I read something negative regarding the liver about agave a few months back but it didn't stick in my little brain since my DD uses not very much and us not at all. And yes, it all had to do with how much a person consumed.

reply by: Mike Nolan on March 07, 2014 at 8:02 pm
Mike Nolan

If you google 'agave liver', you'll get a bunch of hits, but I don't know how accurate they are.

reply by: dachshundlady on March 08, 2014 at 6:18 am
dachshundlady

Like frick, I read something bad about agave but can't remember. I don't use it anymore.

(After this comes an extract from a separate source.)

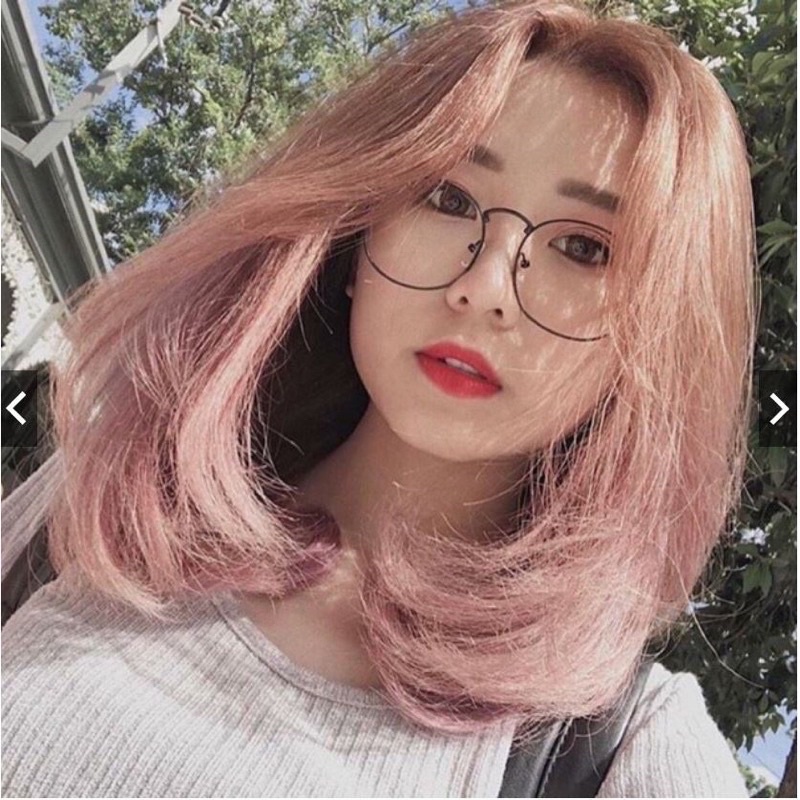 Kính giả cận, Gọng kính kim loại tròn 9396 Jolie eyewear chống ánh sáng xanh, UV400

reply by: sarahh on March 08, 2014 at 11:06 am
sarahh

I don't think there is anything "magic" about agave in terms of it being better for you than other sugar sources. And I believe it is a highly processed product. Of course, sugar is too, if you really think about it. Unless we are all going to switch to honey. But, in a way, that is processed too, just by bees. Switch to flower nectar? Grow our own sugar cane and squeeze it? Sorry, got off on a silly tangent there. :)
.

I think we are all better off using whatever sweetener we like, but in smaller quantities. And, as someone said, bread really doesn't need any sugar at all, except for taste preferences.

reply by: frick on March 08, 2014 at 2:01 pm
frick

That's right. Then we can load it down with delectable preserves and jams!

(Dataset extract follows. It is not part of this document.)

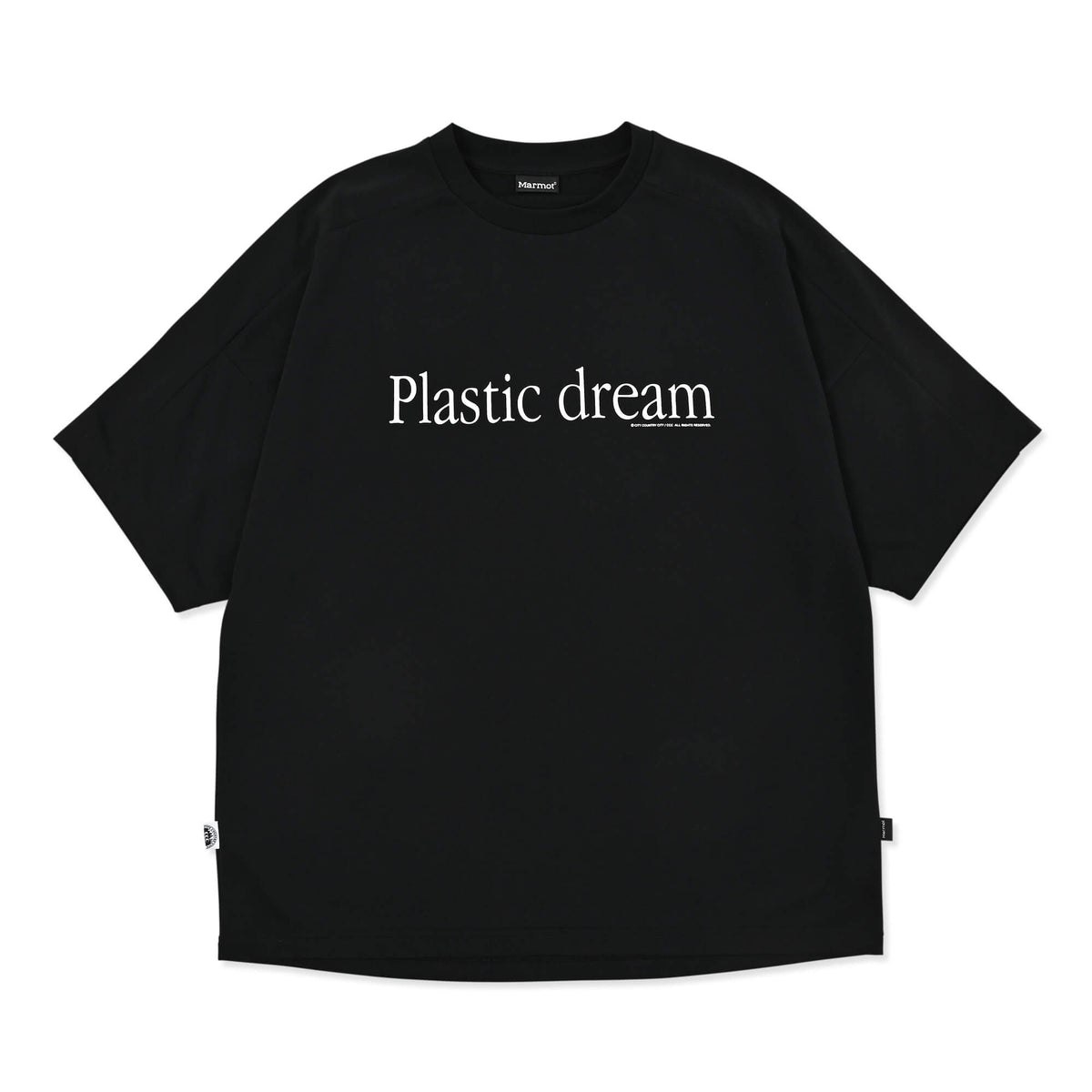 [Marmot x CITY COUNTRY CITY] MMWCCC T-SHIRT_PLASTIC DREAM(Tシャツ プラスチックドリーム)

reply by: sarahh on March 08, 2014 at 3:42 pm
sarahh

And butter!

reply by: Cymas on May 20, 2014 at 8:29 am
Cymas

I've been using agave in a few things simply because I have a bottle of it that I want to use up. I've used it as a replacement for honey with no issues when making Peter Reinhart's Lavash crackers recipe from the Bread Baker's Apprentice. I find the taste to be on the neutral side given that it's not a main flavor component for what I use it for.

If you're using it in place of straight sugar you will need to adjust your liquid accordingly. Use a bit less water; the amount will vary based on the recipe, the humidity in the environment, etc.